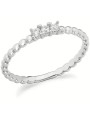 Anello Donna Ambrosia in Oro Bianco 375% con Zirconi KAAZ 014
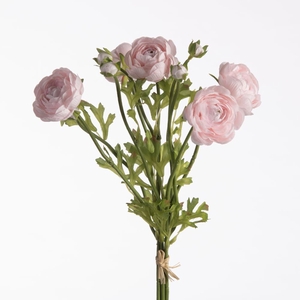 AF Ran Bnd x5 38cm raff L.Pink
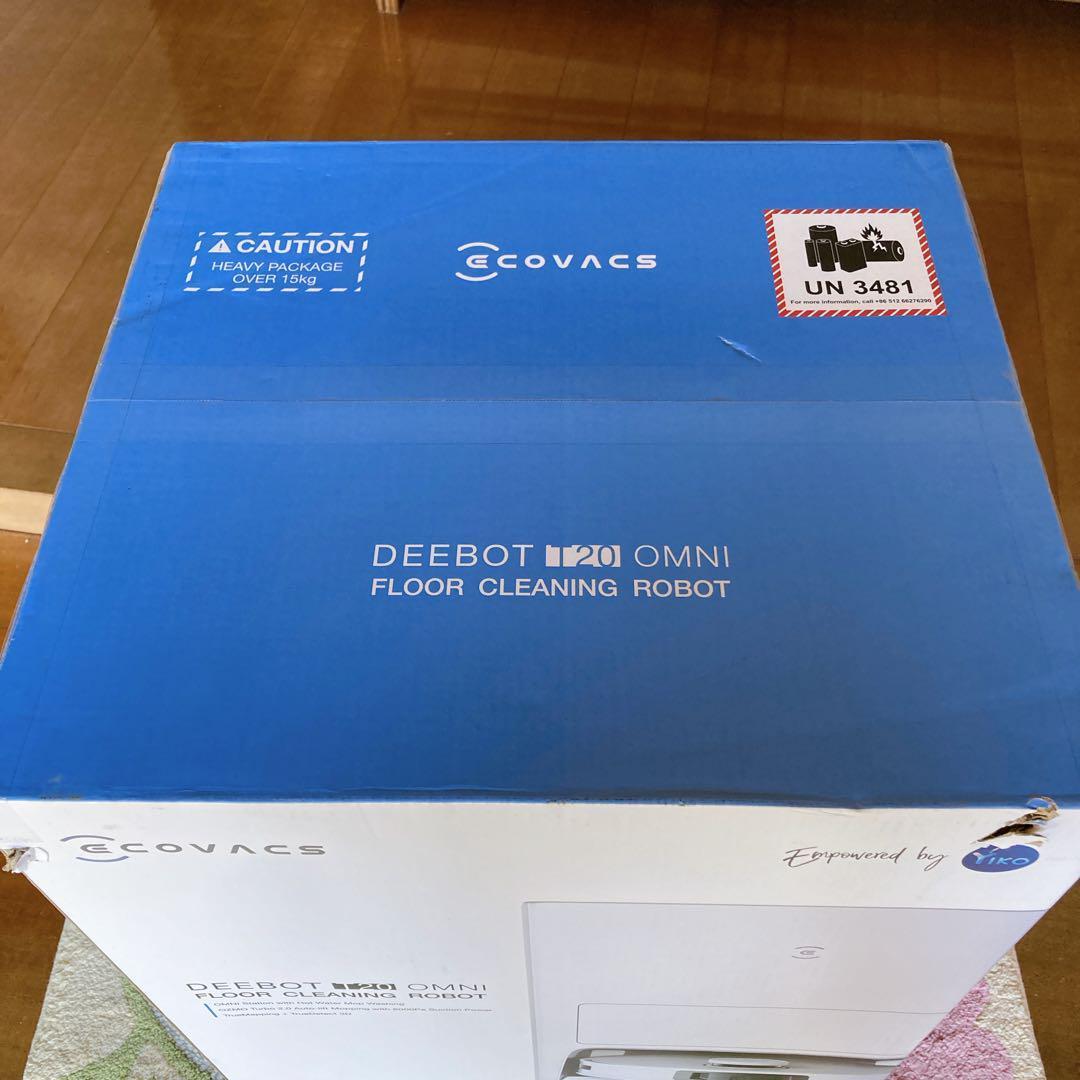 【新品未開封】エコバックス DEEBOT T20 OMNI ホワイト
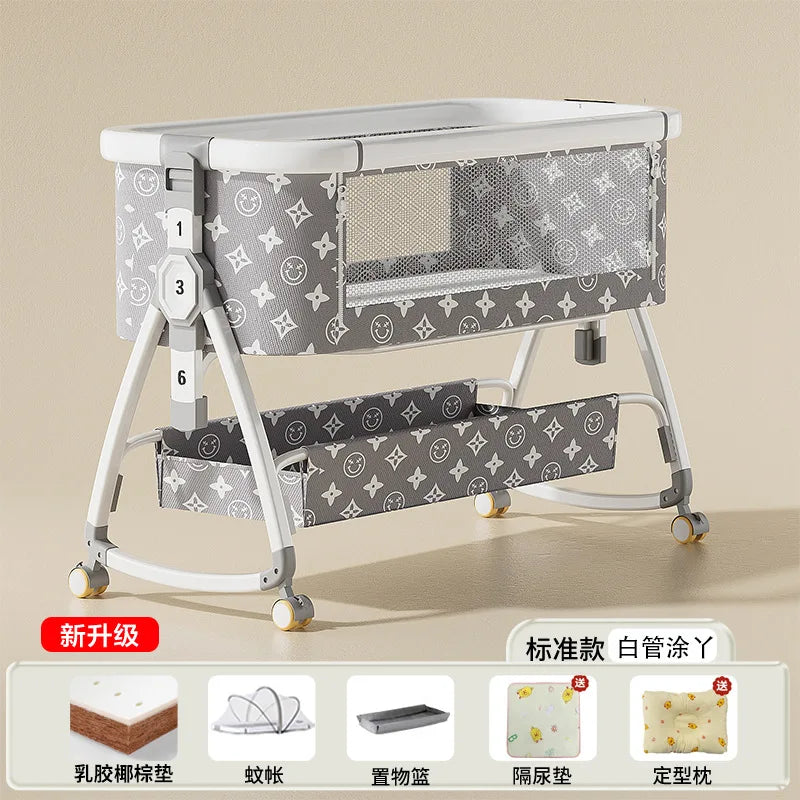 Cuna Portátil para Bebé, Cama Plegable Multifuncional, Cuna para Recién Nacidos, Cama Grande para Niños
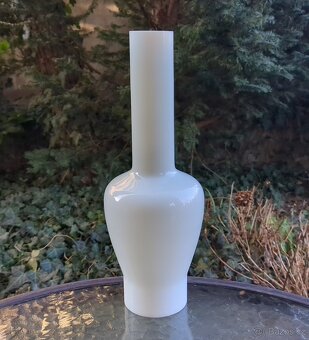 Kryt petrolejové lampy - mléčné sklo - 2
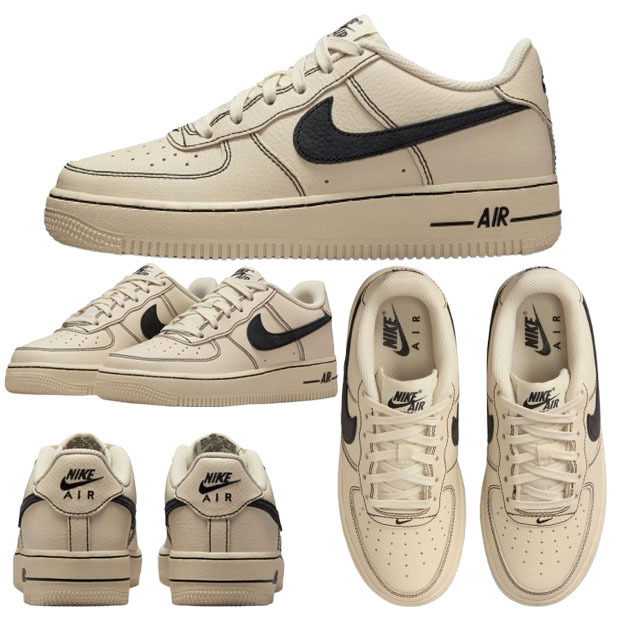 Nike Air Force 1 GS ライトカーキ ステッチ 大人もOK 送関込
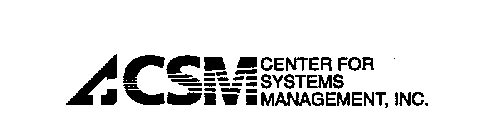 CSM CENTER FOR SYSTEMS MANAGEMENT, INC.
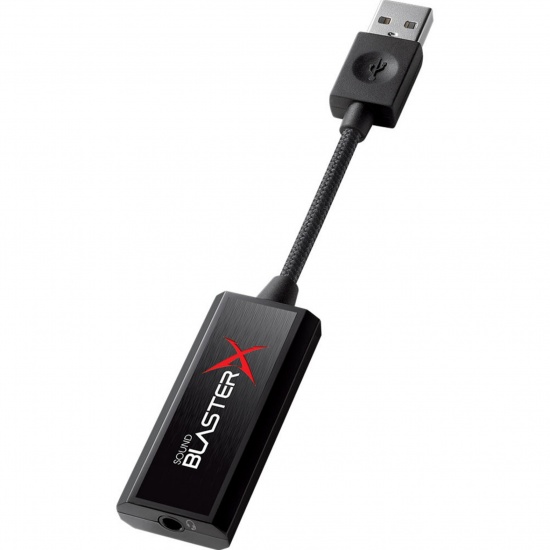 Creative Labs Sound BlasterX G1 USB Headphone Amplifier Portable Sound Card Image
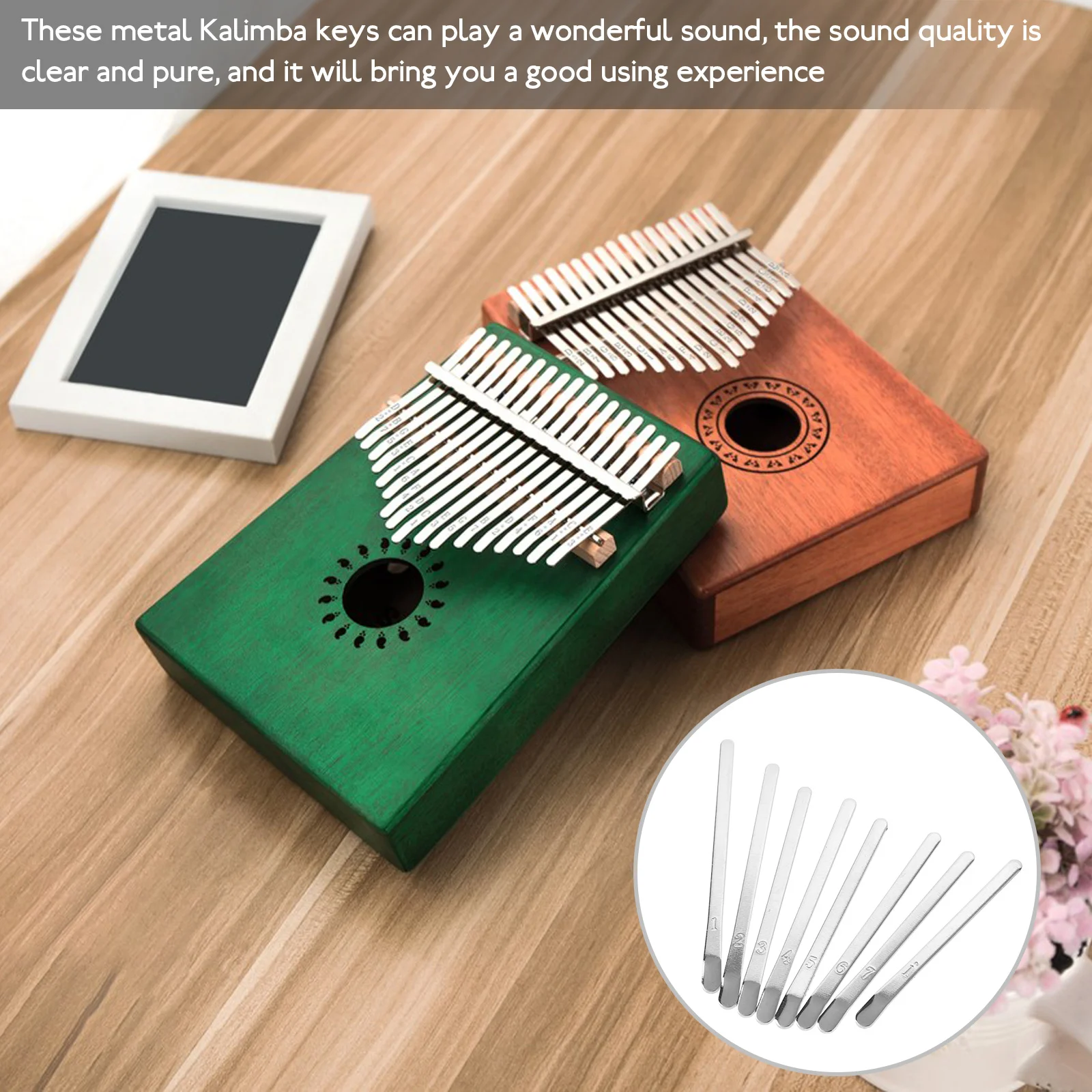 

Thumb Piano Repairing Parts Mini Kalymba Eight-tone Saddle Silver Metal Musical Instrument Baby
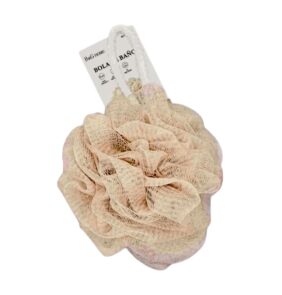 Σφουγγάρια μπάνιου δίχτυ σε σετ 5Χ - Beige - 24961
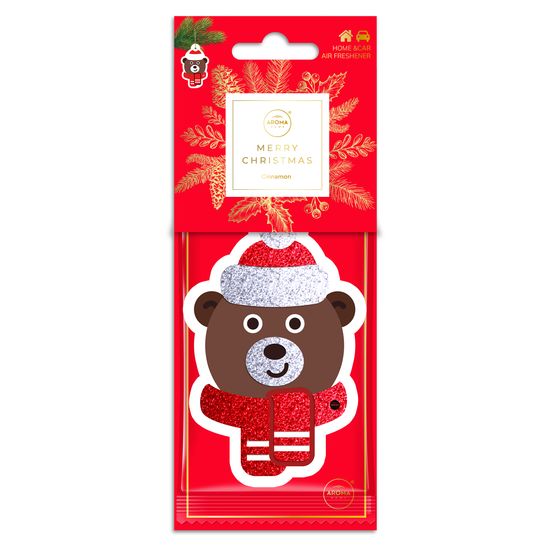 Ароматизатор "Ведмідь" Aroma Home Merry Christmas - Cinnamon (836865)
....
Exercise prompt: An exact printout of the entries is wanted, covering the first line through the line holding "Kryt petrolejové lampy - mléčné sklo - 2", with pictures kept out of it.

Answer to the exercise:
 Anello Donna Ambrosia in Oro Bianco 375% con Zirconi KAAZ 014
 AF Ran Bnd x5 38cm raff L.Pink
 【新品未開封】エコバックス DEEBOT T20 OMNI ホワイト
 Cuna Portátil para Bebé, Cama Plegable Multifuncional, Cuna para Recién Nacidos, Cama Grande para Niños
 Kryt petrolejové lampy - mléčné sklo - 2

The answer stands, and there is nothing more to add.